- _Task_
Dropping every picture, set down exactly the lines in the entries below, starting with the line with "Product Image 5" and going on through the line with "The North Face".

- _Materials provided_
:::::
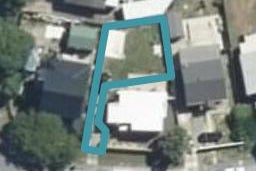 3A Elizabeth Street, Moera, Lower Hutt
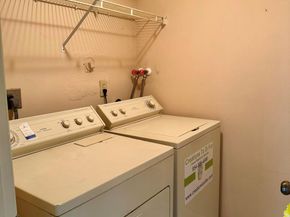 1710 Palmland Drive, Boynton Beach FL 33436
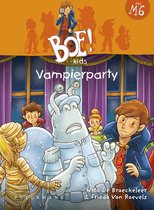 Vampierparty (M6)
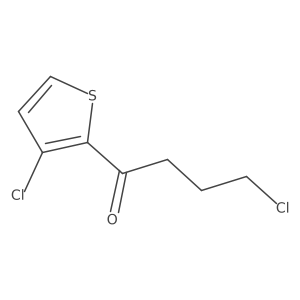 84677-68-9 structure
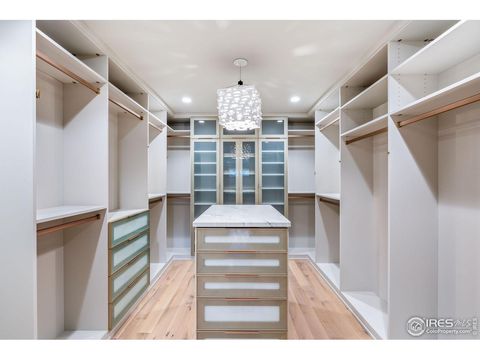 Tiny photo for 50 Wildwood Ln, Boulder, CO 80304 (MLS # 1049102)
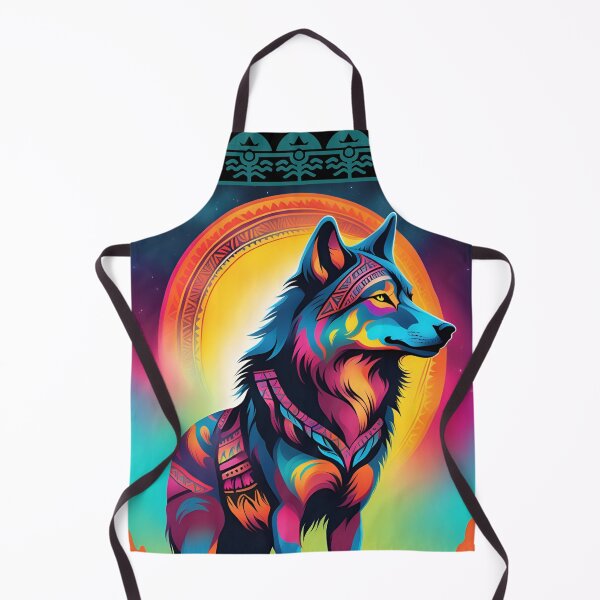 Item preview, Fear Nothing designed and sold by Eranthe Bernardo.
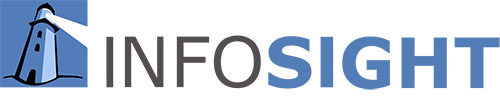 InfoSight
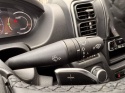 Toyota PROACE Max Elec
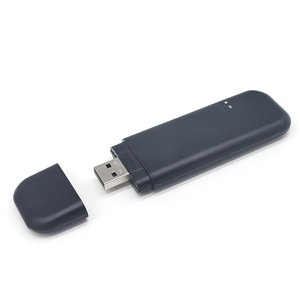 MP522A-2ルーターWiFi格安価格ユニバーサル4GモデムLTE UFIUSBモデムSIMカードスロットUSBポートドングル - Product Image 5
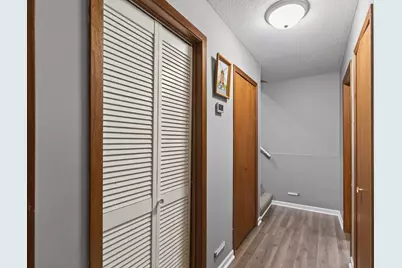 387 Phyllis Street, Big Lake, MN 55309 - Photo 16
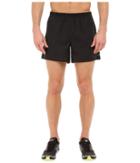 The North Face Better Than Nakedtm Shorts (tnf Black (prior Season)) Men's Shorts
:::::
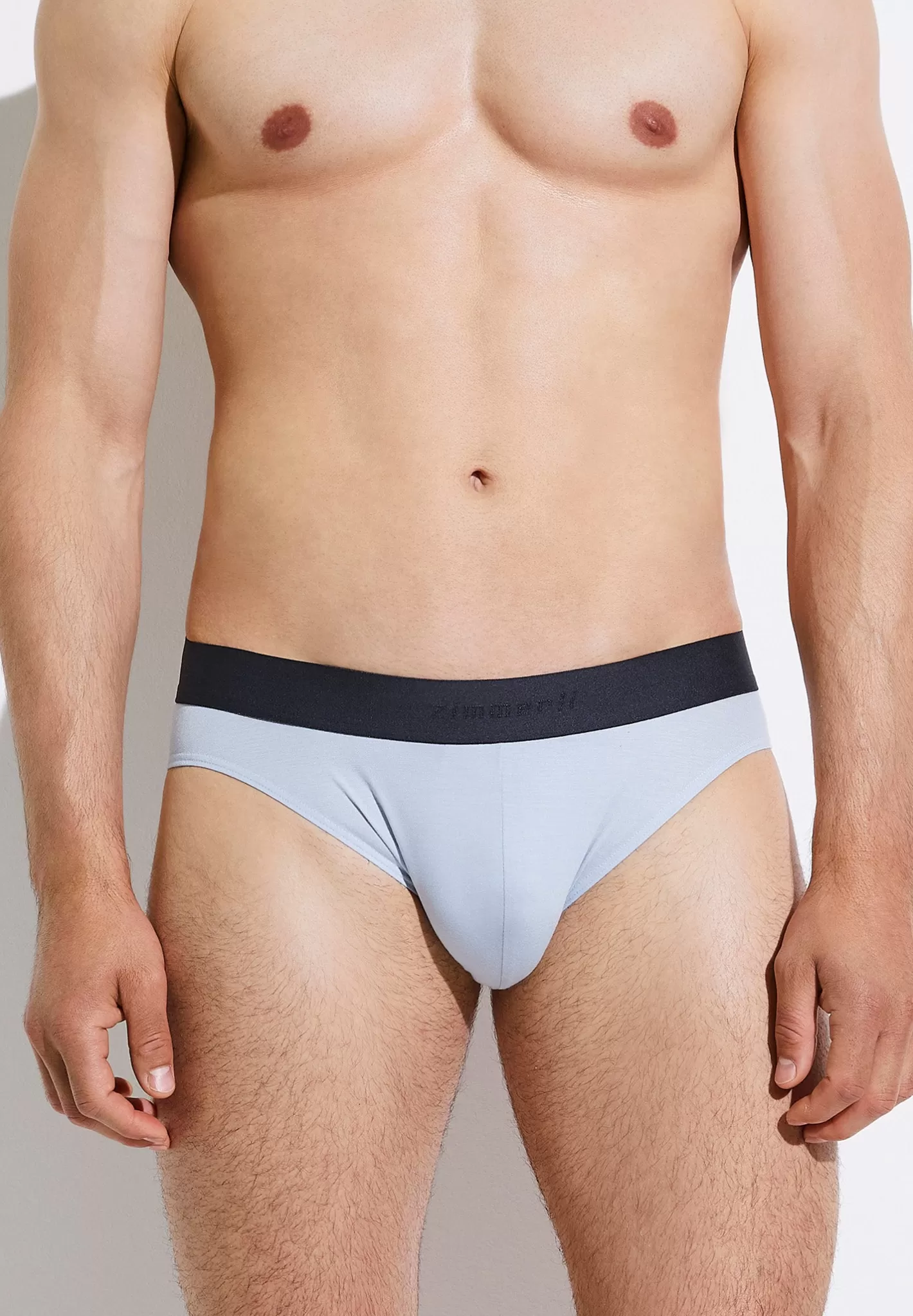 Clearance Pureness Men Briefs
:::::
- _Result for this exercise_
 MP522A-2ルーターWiFi格安価格ユニバーサル4GモデムLTE UFIUSBモデムSIMカードスロットUSBポートドングル - Product Image 5
 387 Phyllis Street, Big Lake, MN 55309 - Photo 16
 The North Face Better Than Nakedtm Shorts (tnf Black (prior Season)) Men's Shorts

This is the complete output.